*Data listing:*
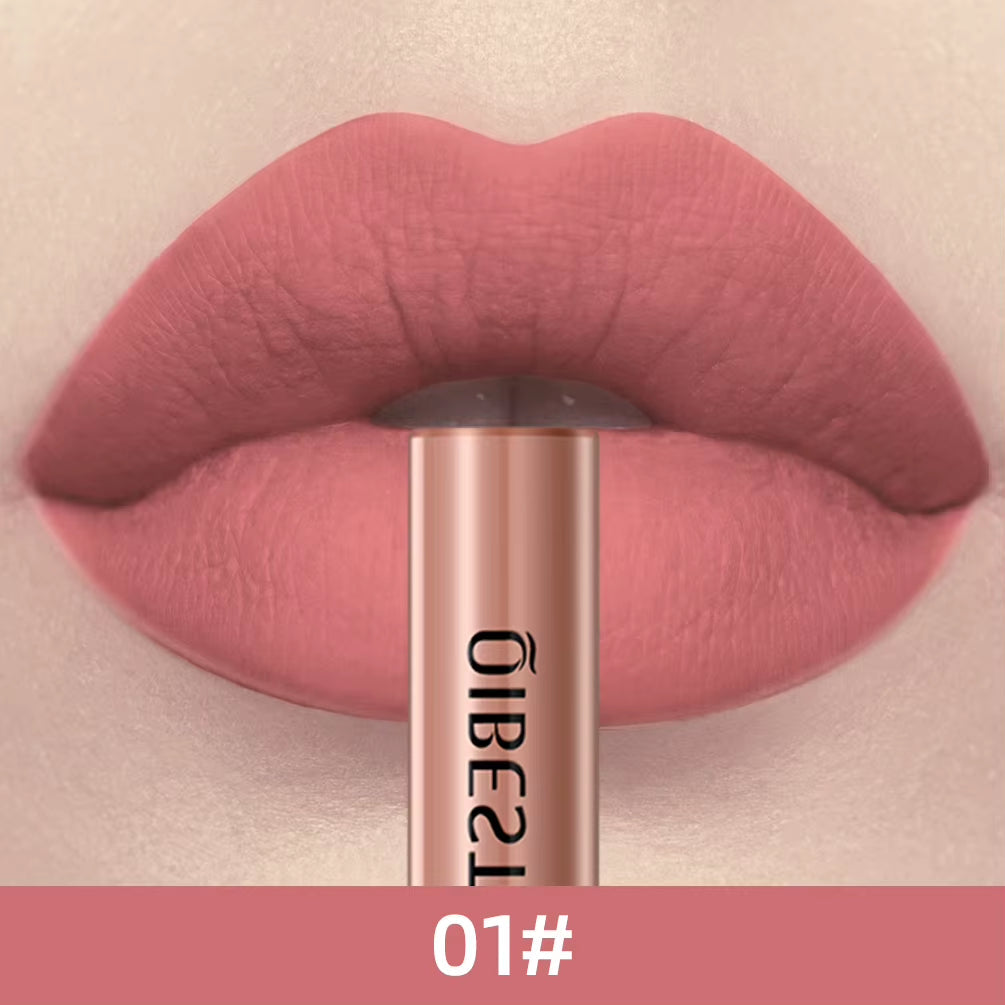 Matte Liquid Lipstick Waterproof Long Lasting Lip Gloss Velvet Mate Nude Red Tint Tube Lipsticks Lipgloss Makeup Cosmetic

--

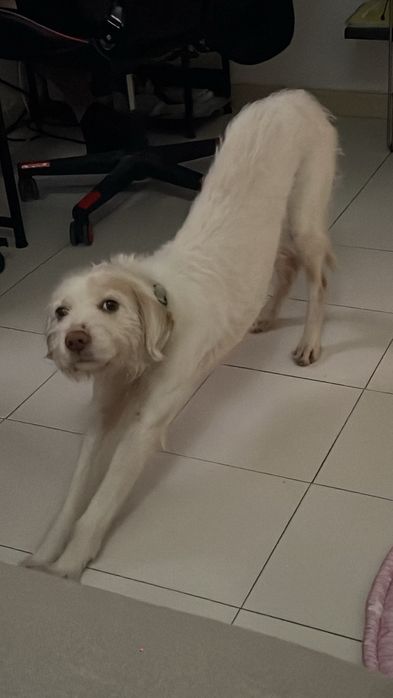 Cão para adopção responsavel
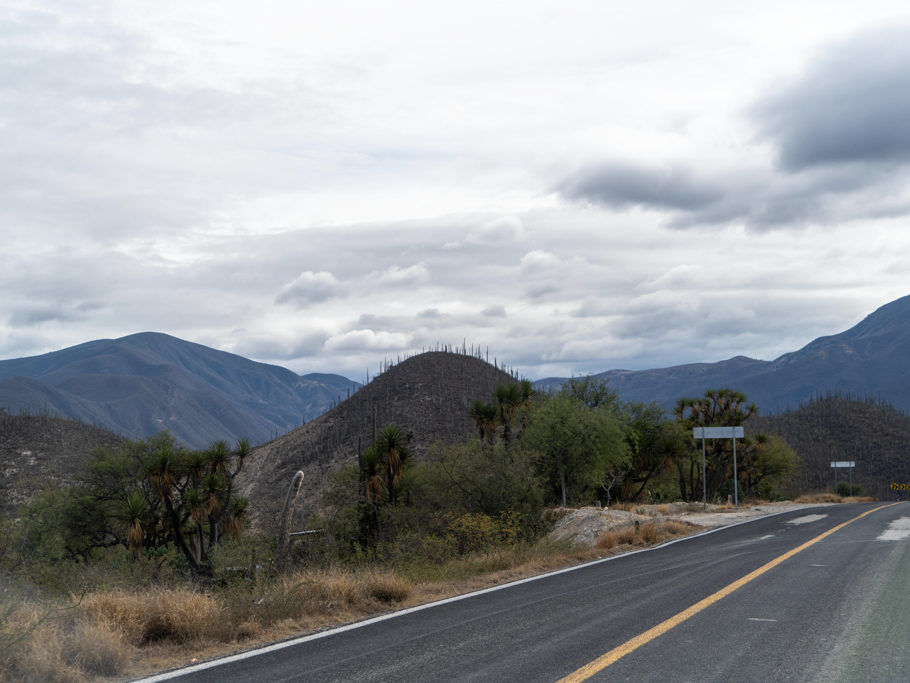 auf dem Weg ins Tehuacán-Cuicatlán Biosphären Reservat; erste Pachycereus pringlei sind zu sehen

*Work request:*
Print everything from the line with "Cão para adopção responsavel" down to the line with "auf dem Weg" in the entries above, both lines included and nothing more, without the pictures.

*Answer to this task:*
 Cão para adopção responsavel
 auf dem Weg ins Tehuacán-Cuicatlán Biosphären Reservat; erste Pachycereus pringlei sind zu sehen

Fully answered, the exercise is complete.